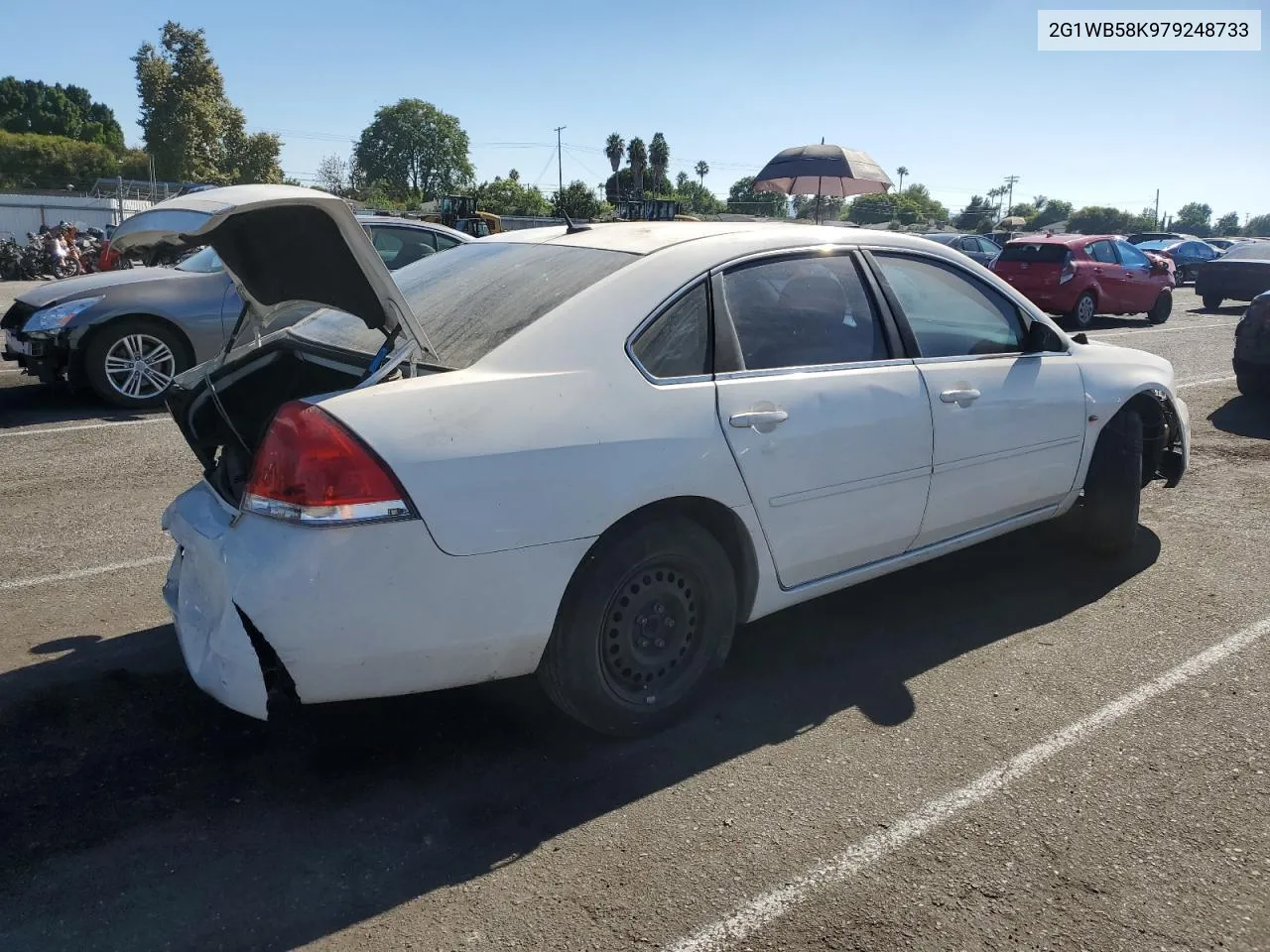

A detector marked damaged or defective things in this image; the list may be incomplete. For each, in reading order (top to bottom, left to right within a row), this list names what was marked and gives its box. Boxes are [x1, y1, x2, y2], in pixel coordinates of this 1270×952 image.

damaged white chevrolet impala [111, 187, 1189, 736]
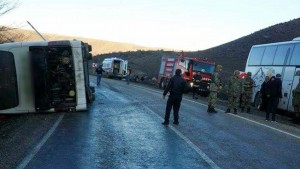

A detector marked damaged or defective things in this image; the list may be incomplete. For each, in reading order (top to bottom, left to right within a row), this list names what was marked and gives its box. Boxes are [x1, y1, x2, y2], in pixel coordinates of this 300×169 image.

overturned bus [0, 39, 94, 113]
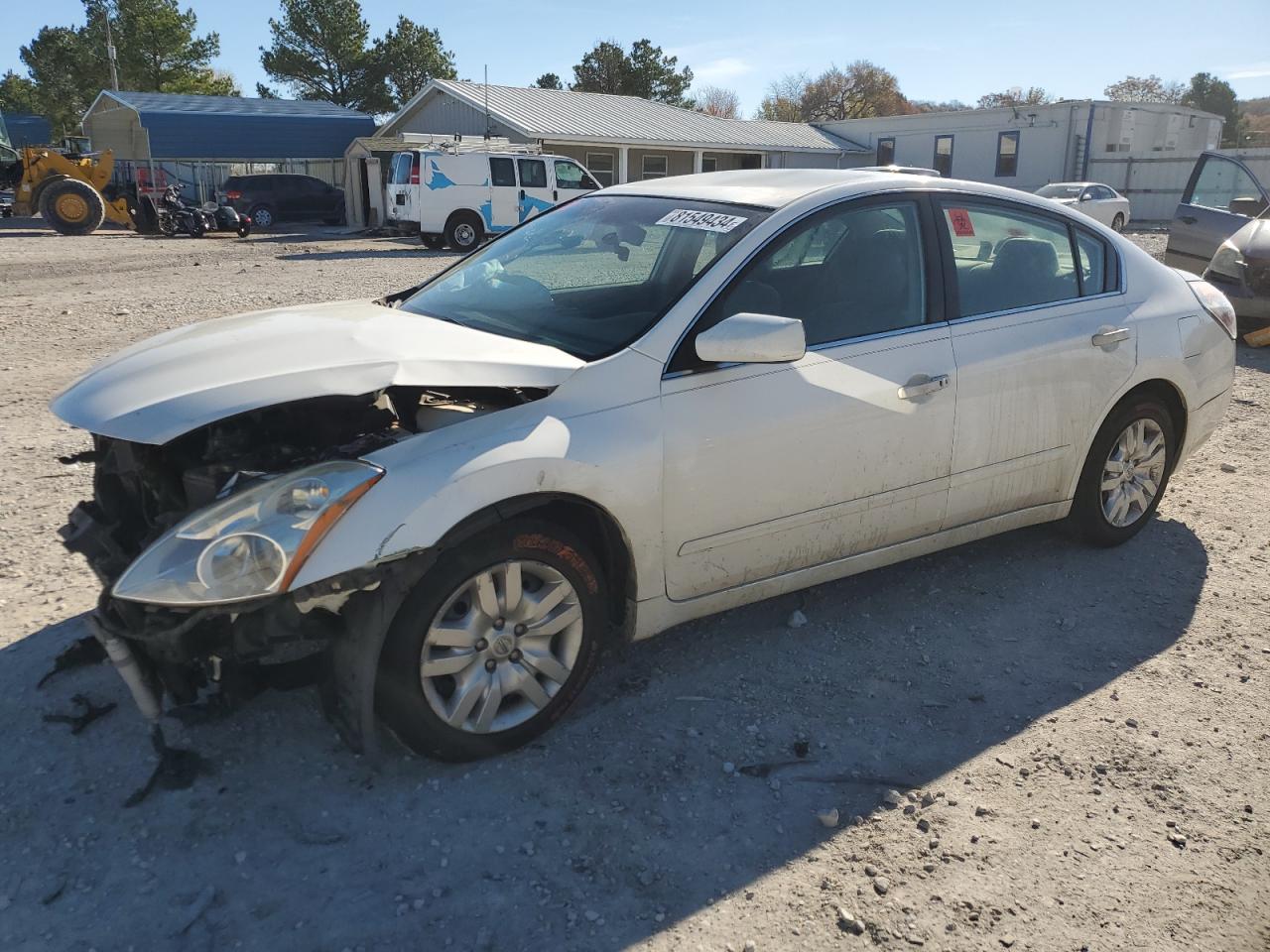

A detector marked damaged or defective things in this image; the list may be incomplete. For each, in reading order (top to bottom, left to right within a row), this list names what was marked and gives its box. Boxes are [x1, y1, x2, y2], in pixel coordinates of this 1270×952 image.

crumpled hood [51, 299, 587, 444]
broken headlight [113, 462, 381, 611]
damaged white sedan [55, 171, 1238, 762]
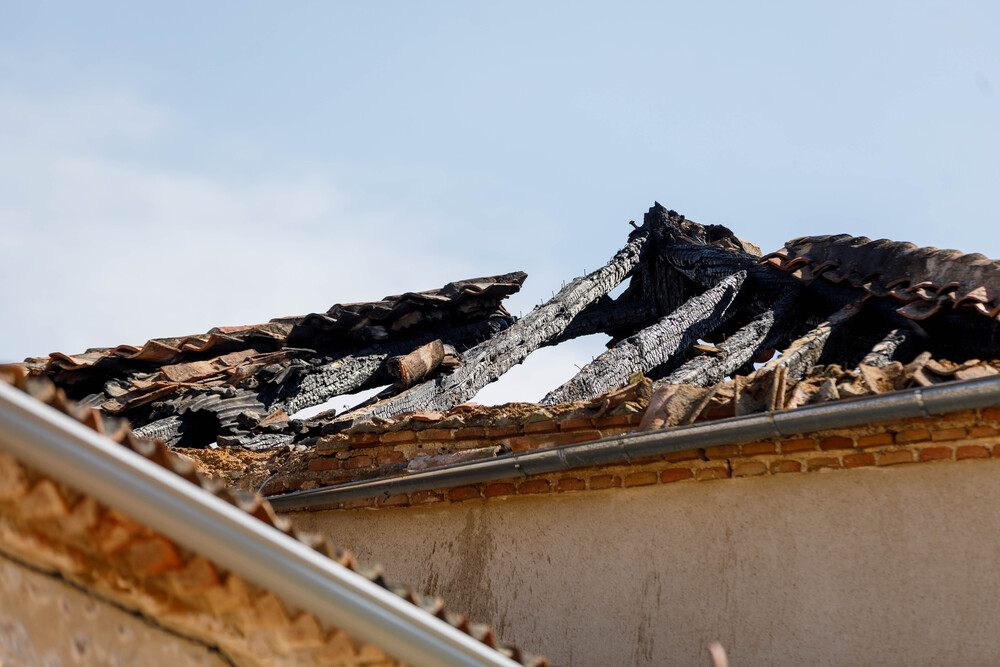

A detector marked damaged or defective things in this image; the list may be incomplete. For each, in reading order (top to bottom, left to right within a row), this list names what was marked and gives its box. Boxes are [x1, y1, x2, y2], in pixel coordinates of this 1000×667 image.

burned wooden rafter [336, 227, 648, 420]
fire damage [19, 204, 1000, 456]
burned wooden rafter [540, 272, 752, 408]
burned wooden rafter [656, 290, 804, 388]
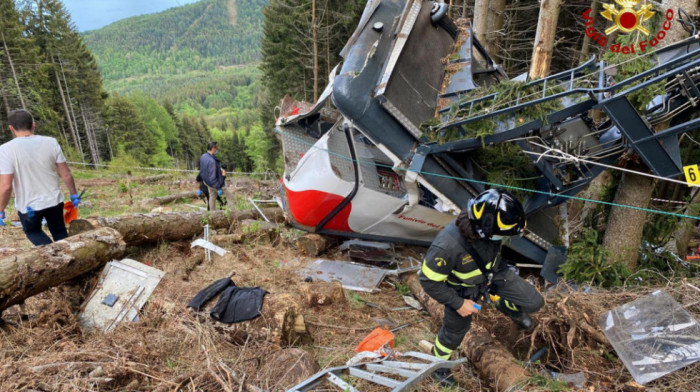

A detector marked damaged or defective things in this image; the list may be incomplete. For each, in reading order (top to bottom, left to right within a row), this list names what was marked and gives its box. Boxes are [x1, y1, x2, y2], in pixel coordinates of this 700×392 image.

broken plastic piece [190, 239, 228, 258]
shattered glass panel [596, 290, 700, 384]
broken plastic piece [596, 290, 700, 384]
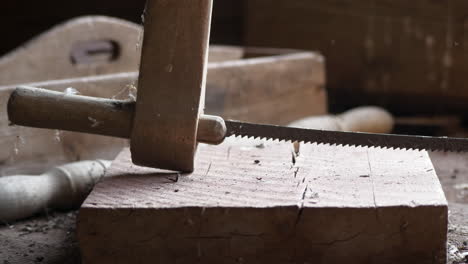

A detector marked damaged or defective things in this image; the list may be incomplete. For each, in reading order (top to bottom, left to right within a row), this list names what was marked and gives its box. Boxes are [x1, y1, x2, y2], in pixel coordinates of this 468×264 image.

rusty saw blade [224, 119, 468, 151]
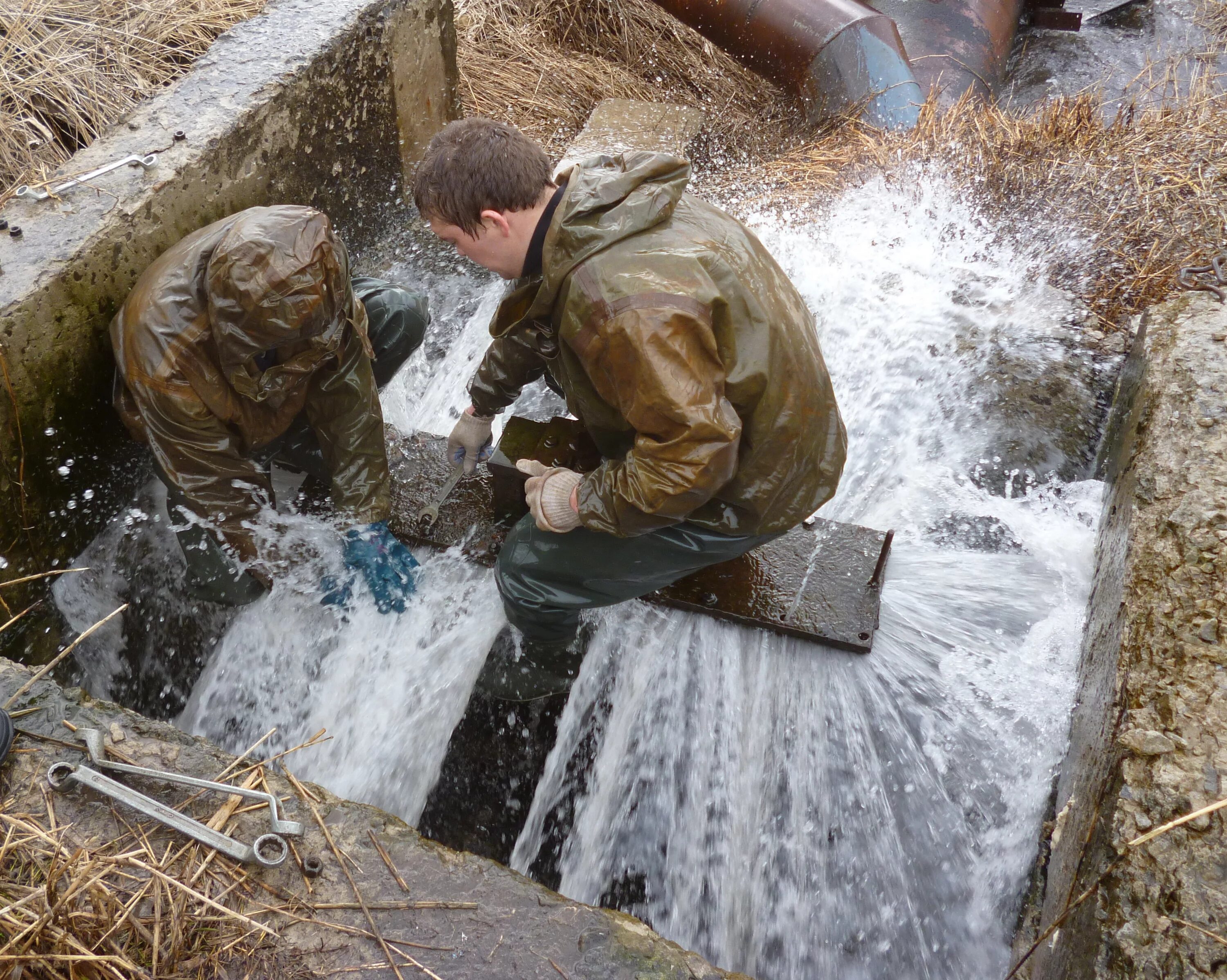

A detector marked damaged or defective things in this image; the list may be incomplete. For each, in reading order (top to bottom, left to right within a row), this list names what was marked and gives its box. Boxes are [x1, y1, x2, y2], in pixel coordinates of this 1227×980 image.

rusty metal pipe [653, 0, 923, 130]
rusty pipe flange [653, 0, 923, 130]
rusty steel plate [390, 427, 893, 653]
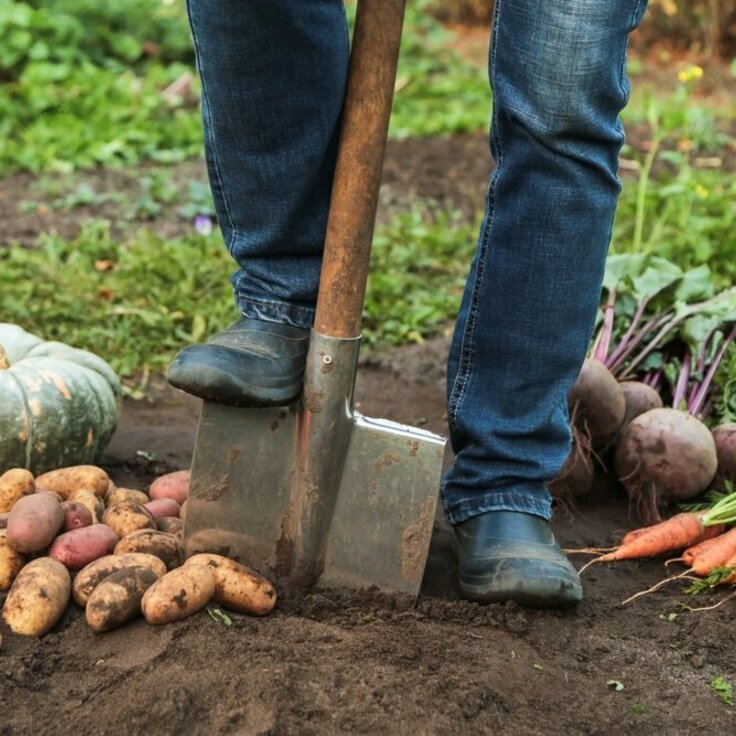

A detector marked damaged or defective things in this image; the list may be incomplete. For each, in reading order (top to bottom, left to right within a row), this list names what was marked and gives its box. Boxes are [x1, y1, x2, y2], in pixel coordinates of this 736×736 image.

rusty metal shovel blade [187, 332, 446, 600]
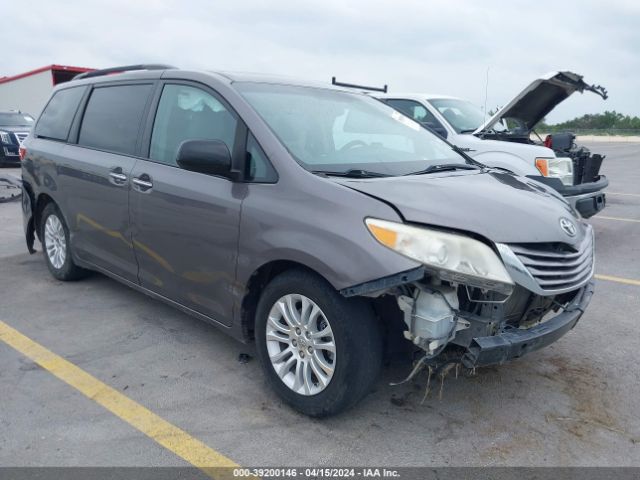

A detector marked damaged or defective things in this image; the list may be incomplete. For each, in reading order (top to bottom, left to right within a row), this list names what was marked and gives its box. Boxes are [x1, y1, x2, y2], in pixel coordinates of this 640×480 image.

cracked headlight lens [364, 218, 516, 292]
front bumper missing section [460, 278, 596, 368]
damaged front bumper [460, 278, 596, 368]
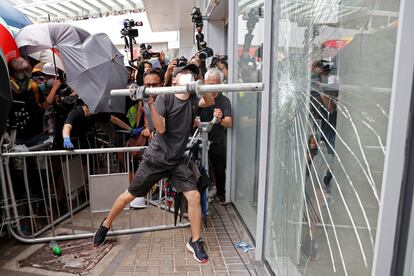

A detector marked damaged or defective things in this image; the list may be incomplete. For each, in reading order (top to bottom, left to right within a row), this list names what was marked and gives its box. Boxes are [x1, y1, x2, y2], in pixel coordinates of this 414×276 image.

shattered glass panel [233, 0, 266, 235]
shattered glass panel [264, 0, 400, 274]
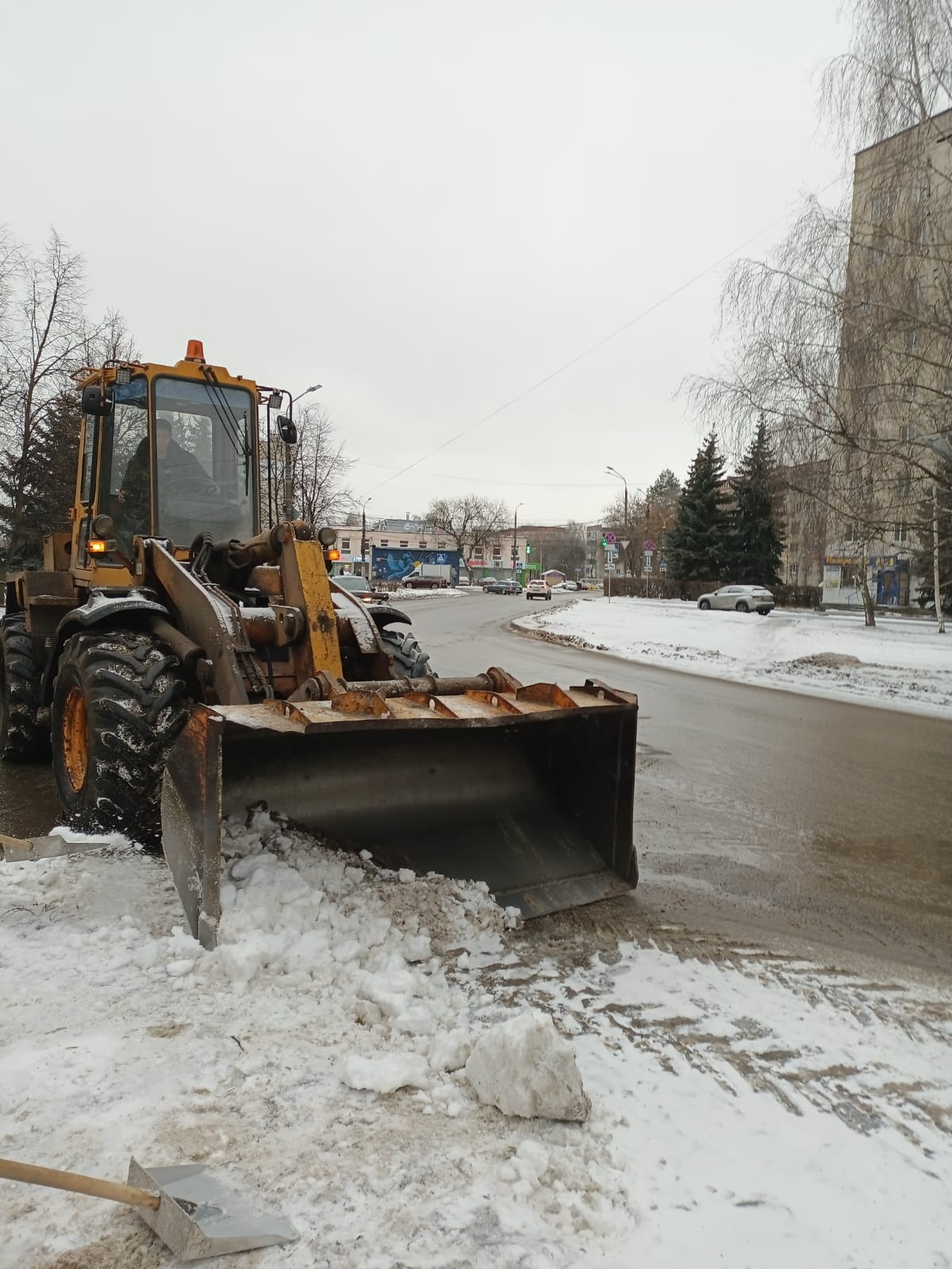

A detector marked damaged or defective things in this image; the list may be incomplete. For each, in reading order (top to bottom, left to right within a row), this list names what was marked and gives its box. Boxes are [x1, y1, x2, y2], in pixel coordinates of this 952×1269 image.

rusty metal bucket [162, 670, 642, 949]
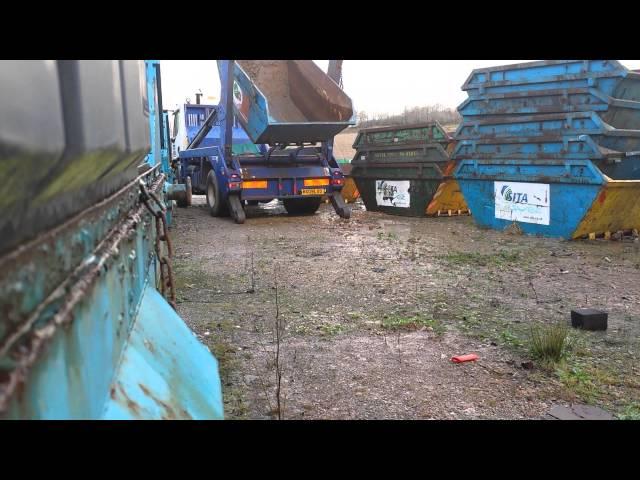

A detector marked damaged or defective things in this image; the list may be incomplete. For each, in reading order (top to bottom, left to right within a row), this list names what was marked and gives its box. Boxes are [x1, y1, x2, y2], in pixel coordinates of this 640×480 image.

rusty chain [139, 178, 176, 310]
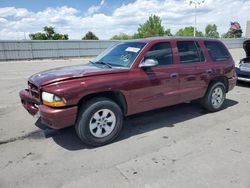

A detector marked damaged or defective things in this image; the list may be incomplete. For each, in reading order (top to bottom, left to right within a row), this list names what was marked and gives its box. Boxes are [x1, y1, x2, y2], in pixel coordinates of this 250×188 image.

damaged vehicle [19, 36, 236, 145]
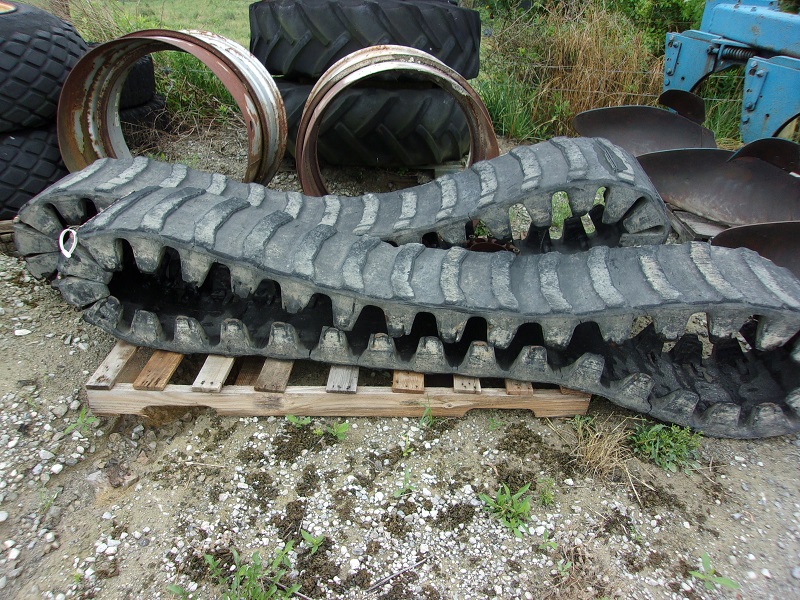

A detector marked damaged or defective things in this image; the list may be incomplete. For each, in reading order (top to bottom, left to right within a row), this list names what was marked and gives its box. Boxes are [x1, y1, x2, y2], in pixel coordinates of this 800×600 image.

****************

**Instructions for the task**: None of the pictures should appear; the rest of the entries must be reproduced exactly.

**Response box**:
A detector marked damaged or defective things in this image; the list may be incomplete. For each, in reading order (top to bottom, left to right within a row), this list names what was marked and gives its box. Boxes are [x1, y1, x2, y2], in pixel coordinates of this 1270×952 image.

damaged white chevrolet impala [111, 187, 1189, 736]

A detector marked damaged or defective things in this image; the list may be incomplete. For each, in reading order (top to bottom, left to right within a row), this list names what was marked and gives its box. Boxes are [x1, y1, x2, y2], in pixel coordinates of this 300×169 image.

overturned bus [0, 39, 94, 113]

A detector marked damaged or defective things in this image; the list may be incomplete. For each, in reading order (top to bottom, left to right within a row), this list names what was marked and gives its box. Boxes are [x1, y1, x2, y2], in pixel coordinates of this 1270×952 image.

crumpled hood [51, 299, 587, 444]
broken headlight [113, 462, 381, 611]
damaged white sedan [55, 171, 1238, 762]

A detector marked damaged or defective things in this image; the list may be incomplete. For each, in reading order (top to bottom, left to right within a row), this list names what was marked and gives its box. Boxes are [x1, y1, x2, y2], in pixel coordinates of this 1000×667 image.

burned wooden rafter [336, 227, 648, 420]
fire damage [19, 204, 1000, 456]
burned wooden rafter [540, 272, 752, 408]
burned wooden rafter [656, 290, 804, 388]

A detector marked damaged or defective things in this image; the list may be incomplete. For each, in reading order (top to bottom, left to right within a row), this list names what was marked and gives its box. Boxes are [x1, y1, x2, y2], in pixel coordinates of this 700×392 image.

broken plastic piece [190, 239, 228, 258]
shattered glass panel [596, 290, 700, 384]
broken plastic piece [596, 290, 700, 384]

A detector marked damaged or defective things in this image; the list may be incomplete. For each, in reading order (top to bottom, left to right within a row), this list names what was marked and gives its box. Boxes are [x1, y1, x2, y2], in pixel coordinates of this 468×264 image.

rusty saw blade [224, 119, 468, 151]

A detector marked damaged or defective things in this image; the list may be incomplete. For each, in reading order (top to bottom, left to right within a row), this list names what was marked and gives its box. Boxes are [x1, y1, x2, y2], in pixel coordinates of this 1227×980 image.

rusty metal pipe [653, 0, 923, 130]
rusty pipe flange [653, 0, 923, 130]
rusty steel plate [390, 427, 893, 653]

A detector marked damaged or defective things in this image; the list may be incomplete. For each, in reading order (top to bottom, left to right within a row), this list names what was marked and gives its box. Boxes are [x1, y1, x2, y2], in pixel coordinates of this 736×736 image.

rusty metal shovel blade [187, 332, 446, 600]

A detector marked damaged or defective things in this image; the list may be incomplete. For each, in reading order (top to bottom, left to right within a row), this list names what was marked and gives its box. Boxes are [x1, y1, x2, y2], in pixel coordinates of this 640×480 image.

cracked headlight lens [364, 218, 516, 292]
front bumper missing section [460, 278, 596, 368]
damaged front bumper [460, 278, 596, 368]

A detector marked damaged or defective things in this image; the list may be incomplete. For each, in reading order (top to bottom, left to right within a row), this list names what was marked and gives its box. Boxes are [x1, y1, x2, y2], in pixel coordinates of this 414×276 image.

shattered glass panel [233, 0, 266, 235]
shattered glass panel [264, 0, 400, 274]

A detector marked damaged or defective things in this image; the list may be incomplete. For each, in reading order (top to bottom, left to right within a row), this list names what was marked and gives its box. Boxes are [x1, y1, x2, y2], in pixel coordinates of this 952×1269 image.

rusty metal bucket [162, 670, 642, 949]

A detector marked damaged or defective things in this image; the list may be incomplete. For each, in reading order (top to bottom, left to right within a row), this list names what was marked and gives its box. Boxes are [x1, y1, x2, y2], in pixel coordinates of this 640×480 image.

rusty chain [139, 178, 176, 310]

A detector marked damaged or defective things in this image; the list may be incomplete. For each, in reading order (top to bottom, left to right within a row), this list names what was marked and gives its box. Boxes are [x1, y1, x2, y2], in pixel coordinates of this 250×188 image.

damaged vehicle [19, 36, 236, 145]

A detector marked damaged or defective things in this image; the list may be incomplete. For each, in reading order (top to bottom, left to right within a row), this list names what was marked and gives its box. Boxes are [x1, y1, x2, y2], in pixel coordinates of this 800×600 image.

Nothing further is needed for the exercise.